How Green Is Your Funeral?

Low-cost, do-it-yourself, eco-conscious burial options.

No one gets out of here alive. But you don't necessarily have to go first class. There's the cardboard-box cremation rather than the buried metal casket, of course. But there's also the lower-cost "green" nontoxic burial in a woodlands or the wake-style do-it-yourself funeral that includes storing your loved one in a dark, cool space in the home. Then there's the eco-pod casket that fits in the back of your hatchback, or interment in the backyard—like you never really left.

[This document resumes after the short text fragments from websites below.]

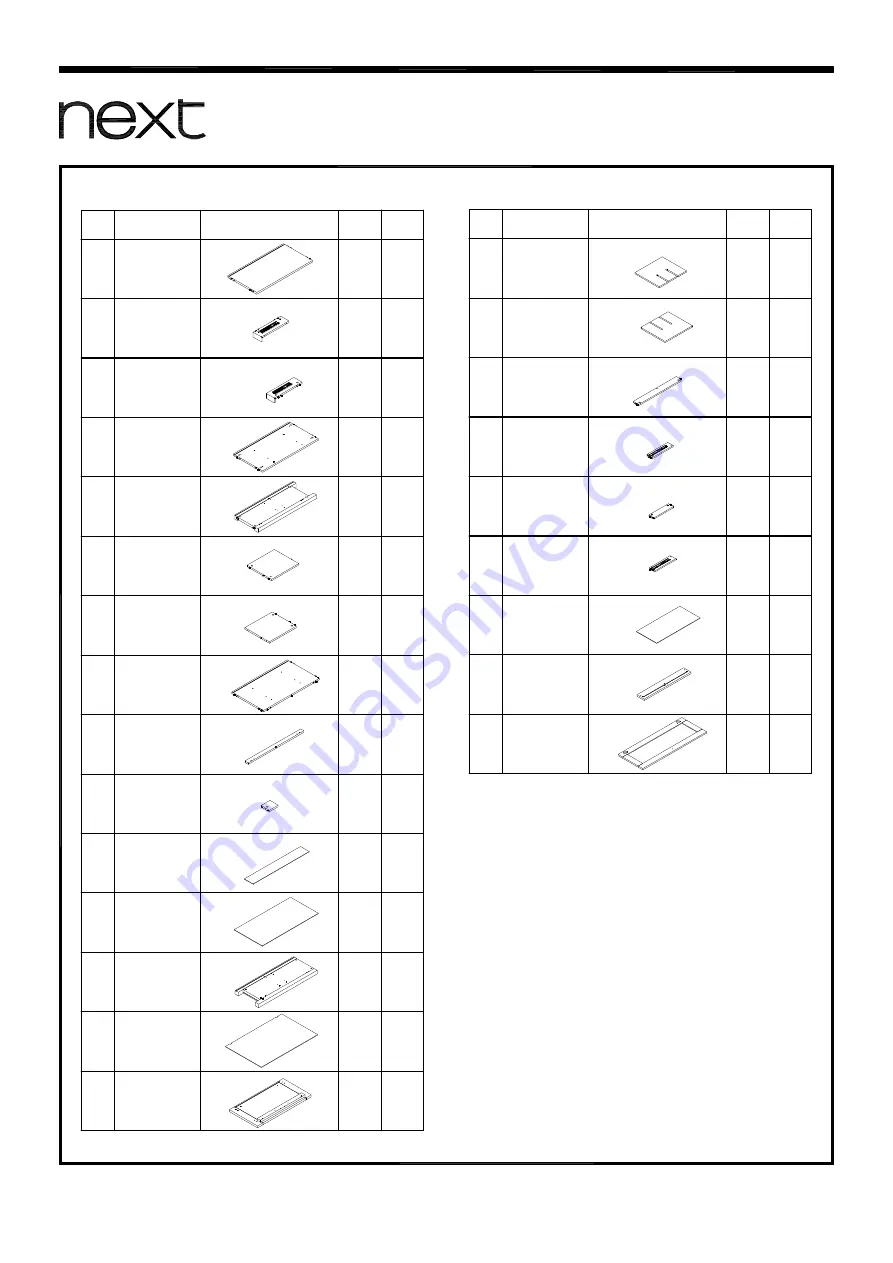 Next MALVERN T10400 Assembly Instructions Manual Download Page 4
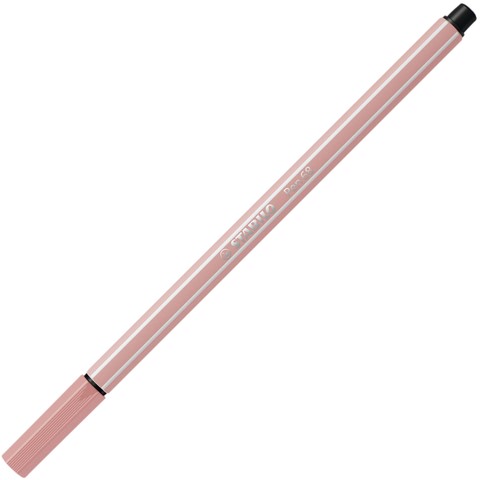 Viltstift STABILO Pen 68/28 M donkerblush 1 Stuk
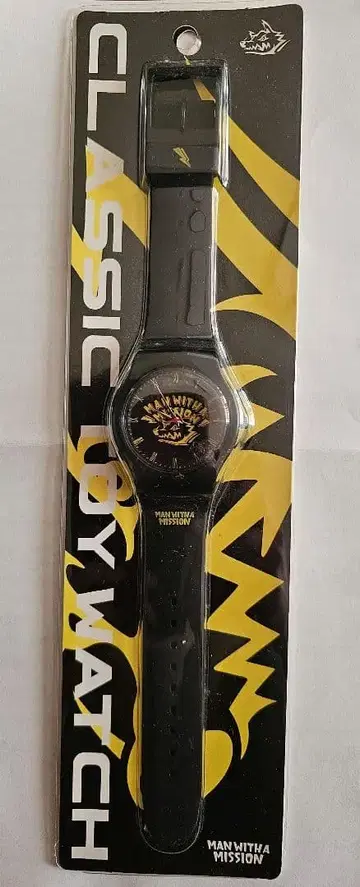 MAN WITH A MISSION CLASSIC TOY WATCH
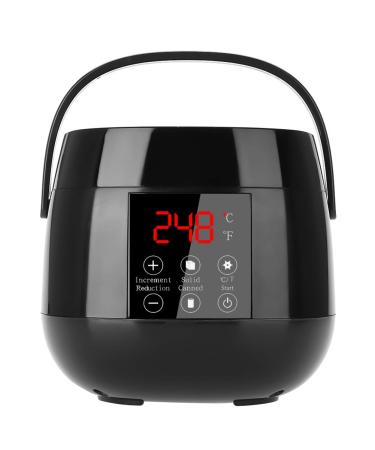 Depilatory Wax Set - 500ml Heater 4 x 100g Wax Beans & 20 Sticks - Professional Hair Removal - Buy Online on GoSupps.com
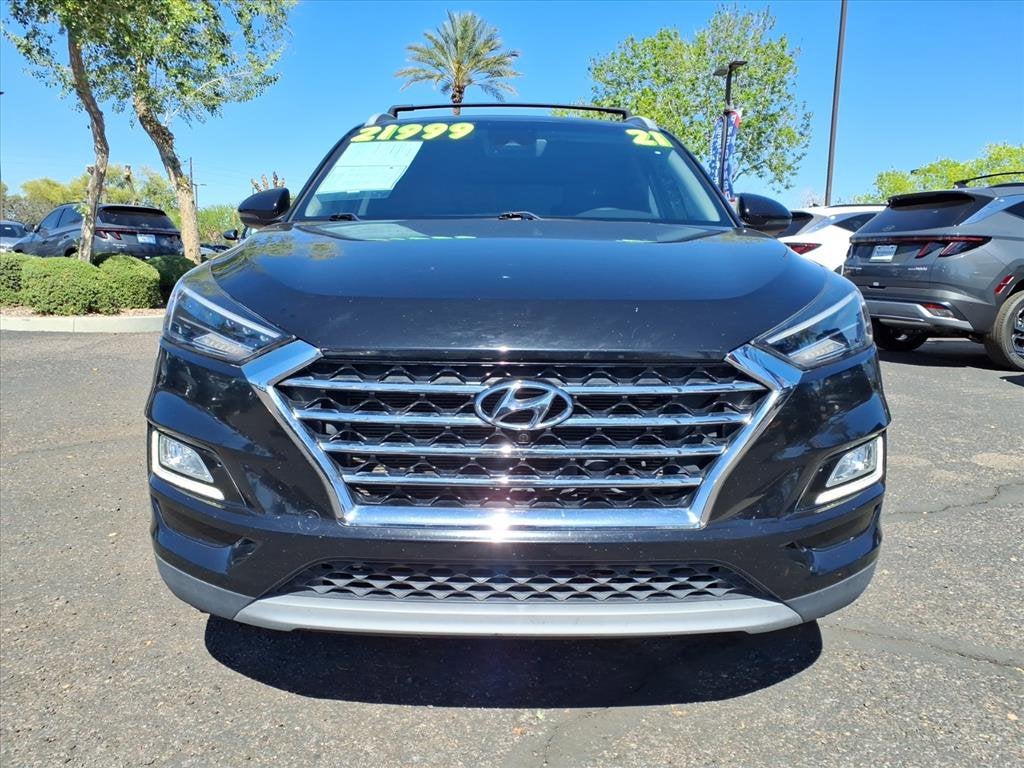 2021 Hyundai TUCSON Limited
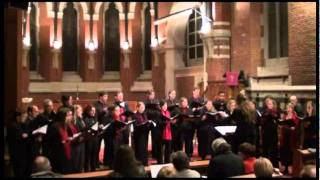 Wexford carol arr J Rutter  Brussels Chamber Choir [upl. by Armelda]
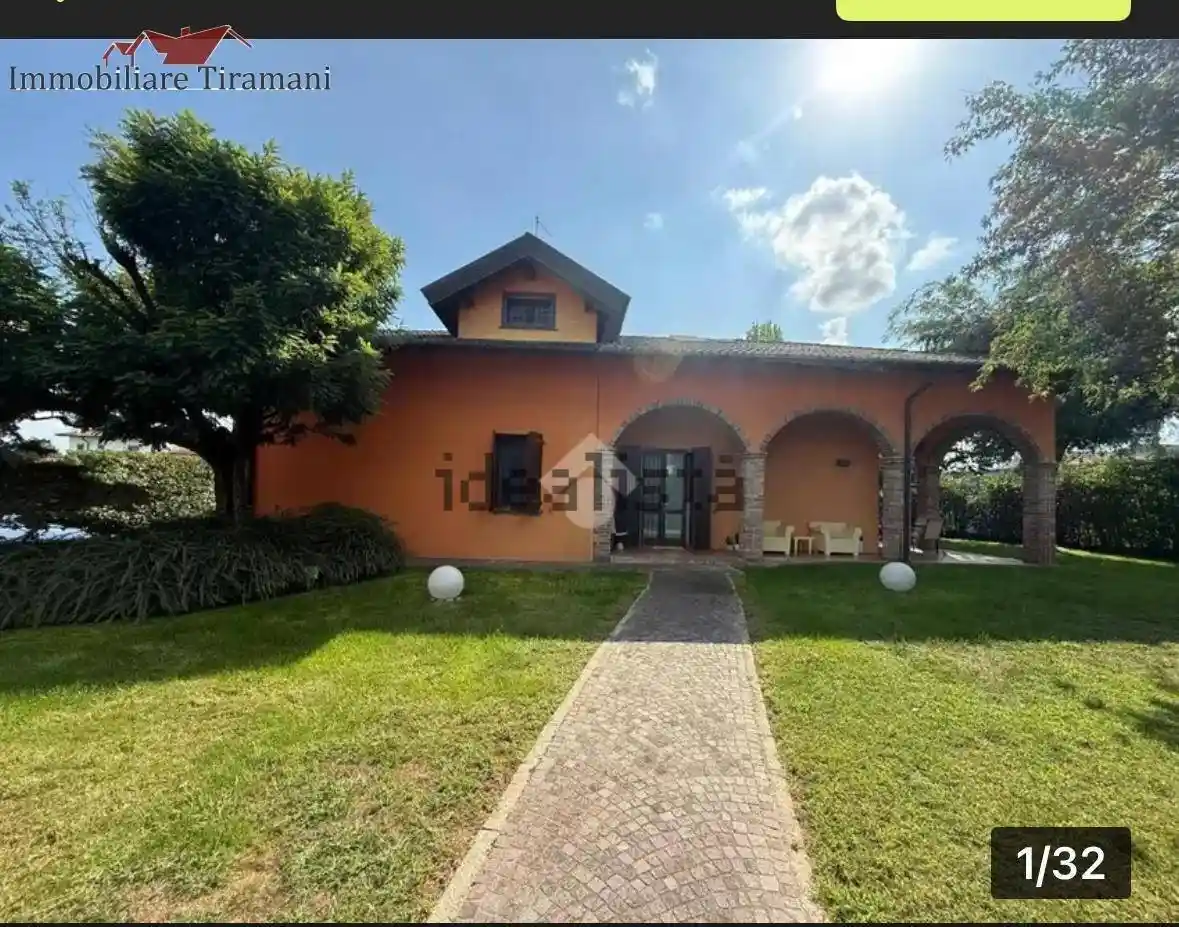 Villa in vendita a Santo Stefano Lodigiano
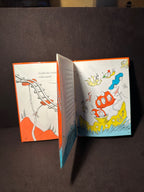 Vintage Dr. Seuss Green Eggs and Ham Hardcover, Beginner Books, c. 1990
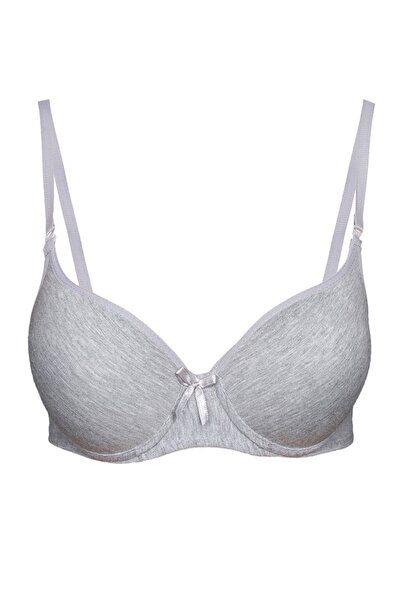 Alışveriş Meydanı Γυναικείο σουτιέν χωρίς επένδυση, χωρίς γέμιση, με εσώρουχο, κενό καπάκι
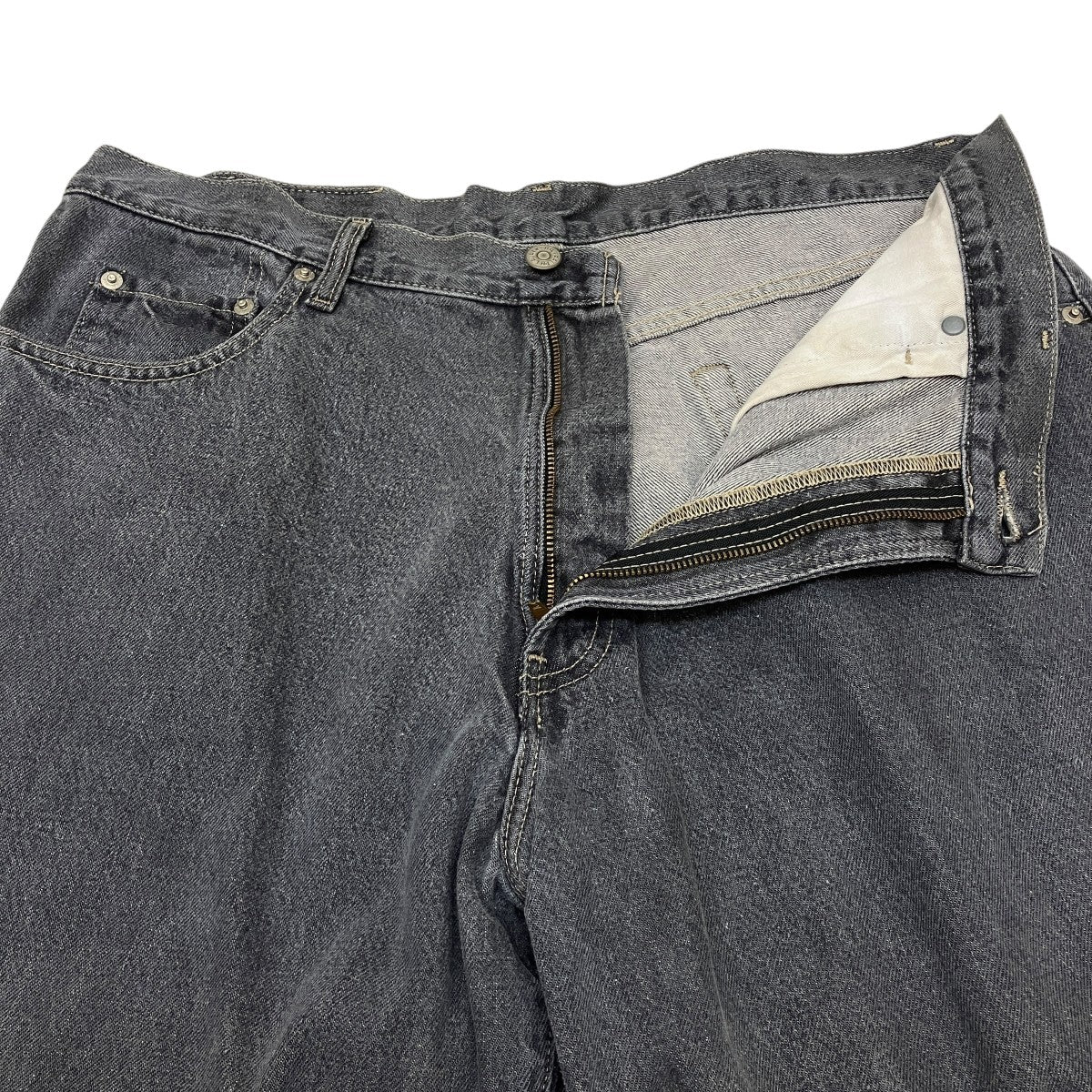 RRL(ダブルアールエル) 90's USA製デニムパンツ グレー サイズ 38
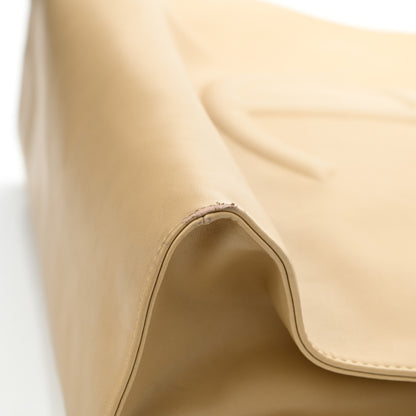 Telfar Vegan Leather Medium Shopping Bag Cream 10 of 13
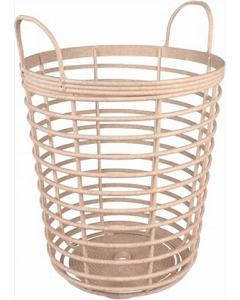 374 mm. X 402 mm. Eco Wood Storage Basket (Each)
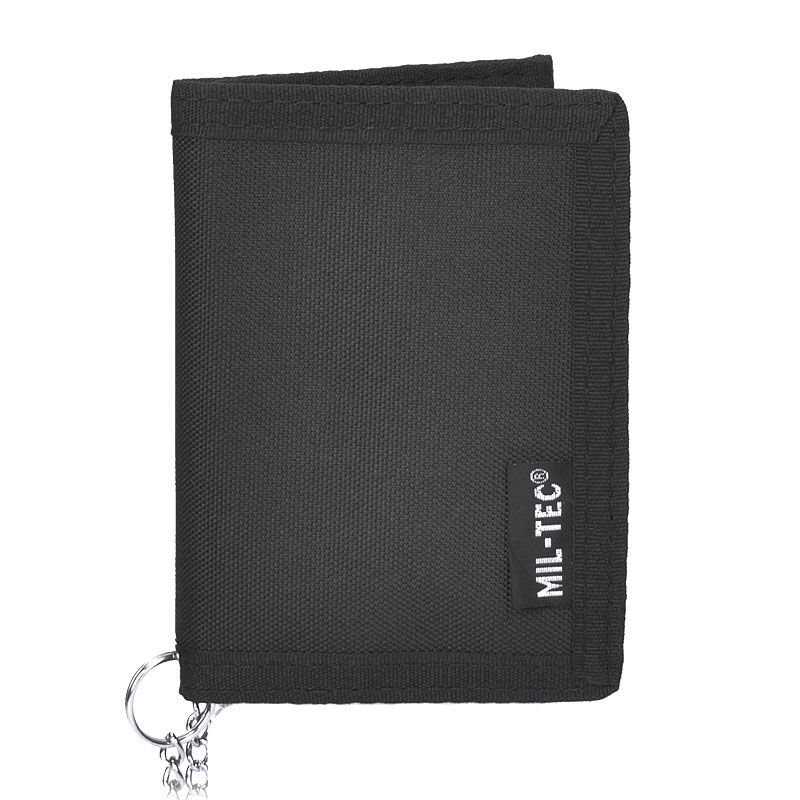 Mil-Tec, Portfel, czarny, 19x13 cm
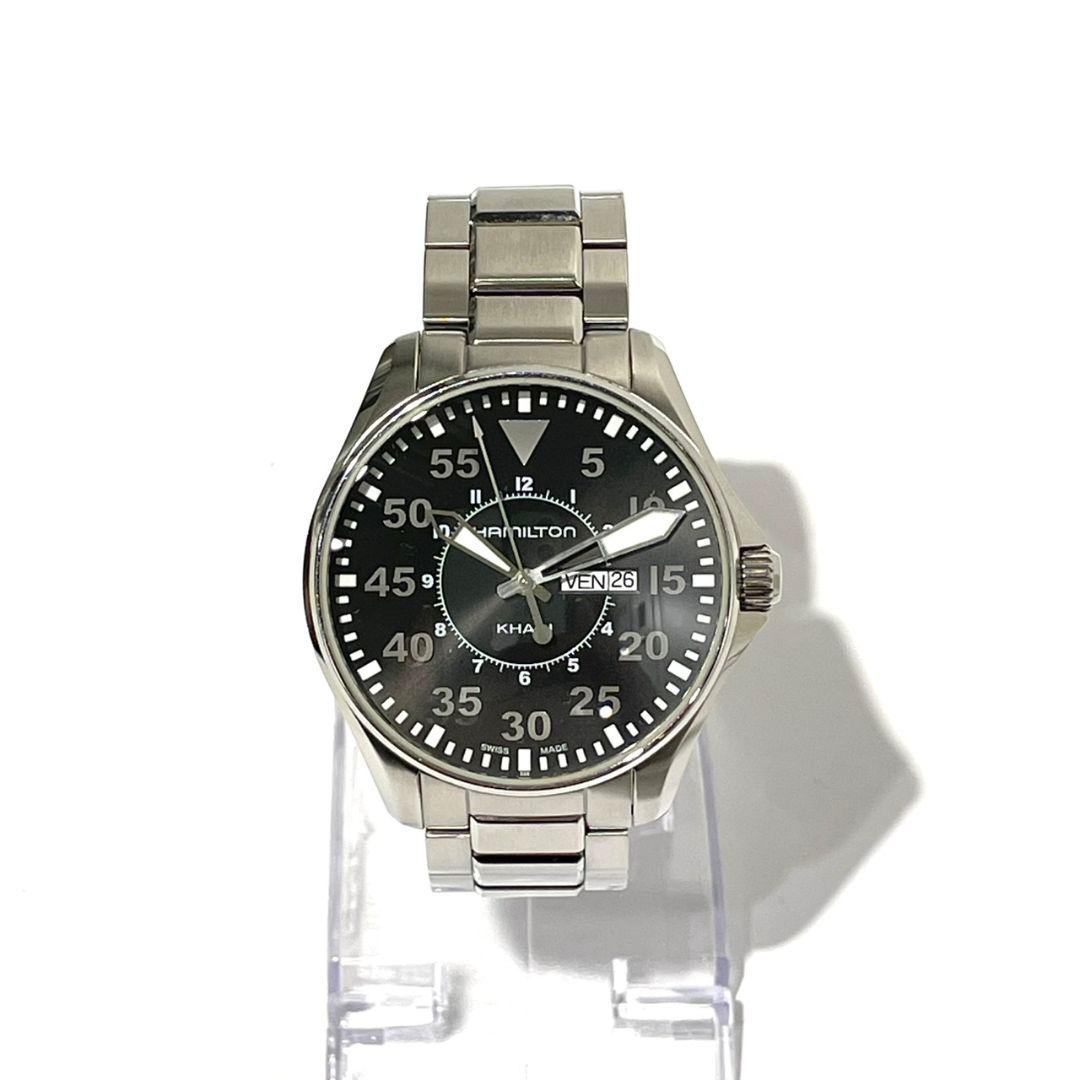 HAMILTON ハミルトン H646110 カーキ パイロット 腕時計 稼働品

If you opt for the latter in Washington, however, a home burial on the cheap means doing it on the sly, and not getting caught. Under state law, you risk jail time by burying human remains anywhere except inside a cemetery or a building dedicated for religious purposes. To bury on private property, a portion of the land has to be dedicated as a cemetery. If such a designation is approved by the state Cemetery Board, and all necessary local zoning, business, and land-use permits are obtained, there's still a matter of $25,000. That's the cost of an endowment care trust fund that has to be established in perpetuity. "I'm not aware of any such designations, but I don't think it would do much for the resale value of a home," says Brad Carlson, chair of the state Cemetery Board and a funeral home and cemetery operator in Vancouver. "The law is there because we can't have people being buried randomly around the state."

The most popular exit is also one of the least-expensive, cremation, followed perhaps by a waterside scattering or an afterlife in the jet stream. (Actually, "cremains," as they're called, are more gravel-like than ashy, and, once tossed into Elliott Bay, will largely sink like a rock). Cremains can be less-expensively buried in a small plot, placed in an aboveground columbarium, or be freely scattered heavenward after a stay on the mantel. Cremation has a kinder effect on the land than burials (what, exactly, are the long-range environmental effects of all the underground metal, concrete, and chemicals?), and since 1977 in Washington, it has been legal to scatter cremains in your yard.

One cremation business, the Neptune Society of Washington, says almost 50 percent of the state's dead are cremated rather than buried today; others put it at 60 percent, the nation's third highest rate behind Hawaii and Nevada. The society charges $1,350 for its lowest-priced package which includes transportation, cremation, urn, and, if desired, scattering ashes at sea. (Prepayment is required—terms at $499 down and $25 a month "per person," the society says).

Another group, the People's Memorial Association (PMA), offers direct cremation in a disposable container for as little as $600. PMA says the average cost of cremation in King County is $1,533, ranging up to $2,885, mostly at funeral homes. A typical funeral package, says PMA, costs $3,898 in King County, to a high of $6,290. Some cremationists are also offering novel ways for friends and relatives to say goodbye. "Crematories are putting in viewing rooms," says Cemetery Board chair Brad Carlson. "The families can watch the deceased being put into the container and then placed in the crematory. Some places are even allowing families the chance to push the button that starts the cremation."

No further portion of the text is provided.